> _Provided data_:
────

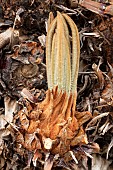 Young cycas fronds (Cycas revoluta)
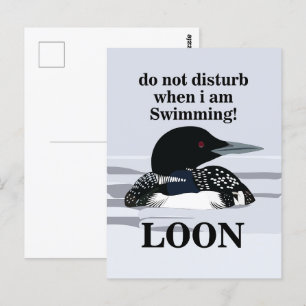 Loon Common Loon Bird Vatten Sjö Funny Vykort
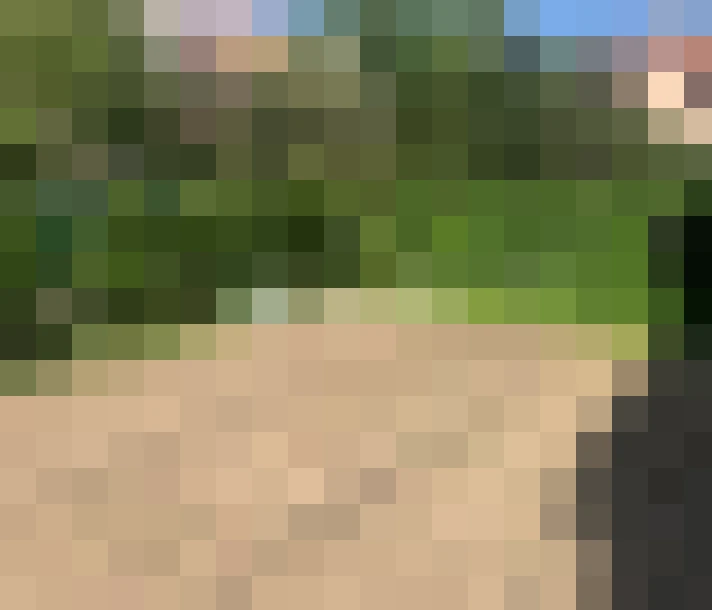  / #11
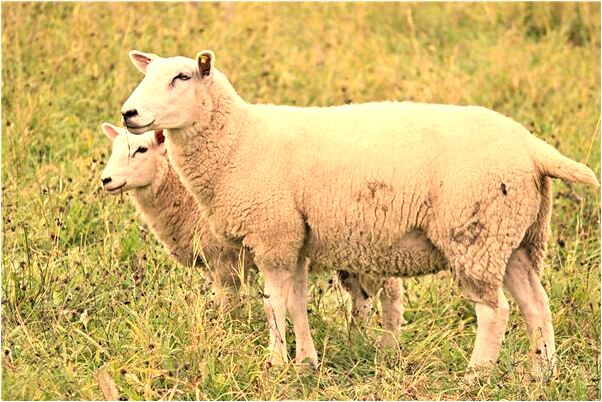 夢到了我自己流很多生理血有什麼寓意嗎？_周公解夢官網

────

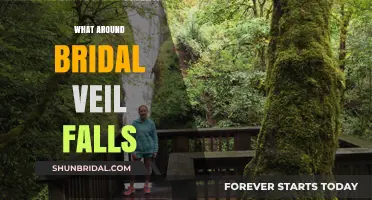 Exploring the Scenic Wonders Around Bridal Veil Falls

────

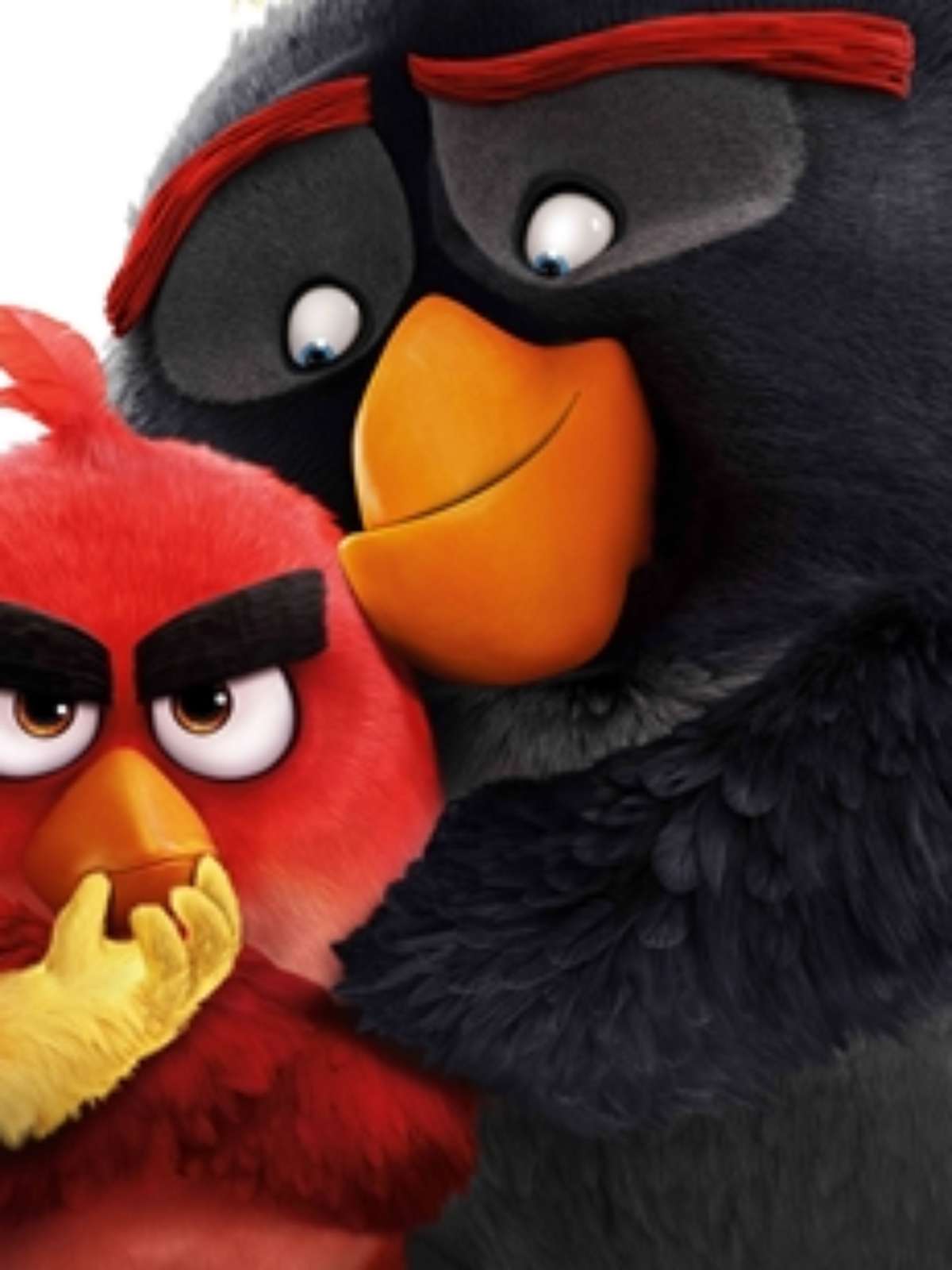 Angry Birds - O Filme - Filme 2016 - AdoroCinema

────

Using the records above, return verbatim only the part that opens with the line containing "Young cycas fronds (Cycas revoluta)" and closes with the line containing "夢到了我自己流很多生理血有什麼寓意嗎？_周公解夢官網"; pictures stay out.

> _Expected output_:
 Young cycas fronds (Cycas revoluta)
 Loon Common Loon Bird Vatten Sjö Funny Vykort
  / #11
 夢到了我自己流很多生理血有什麼寓意嗎？_周公解夢官網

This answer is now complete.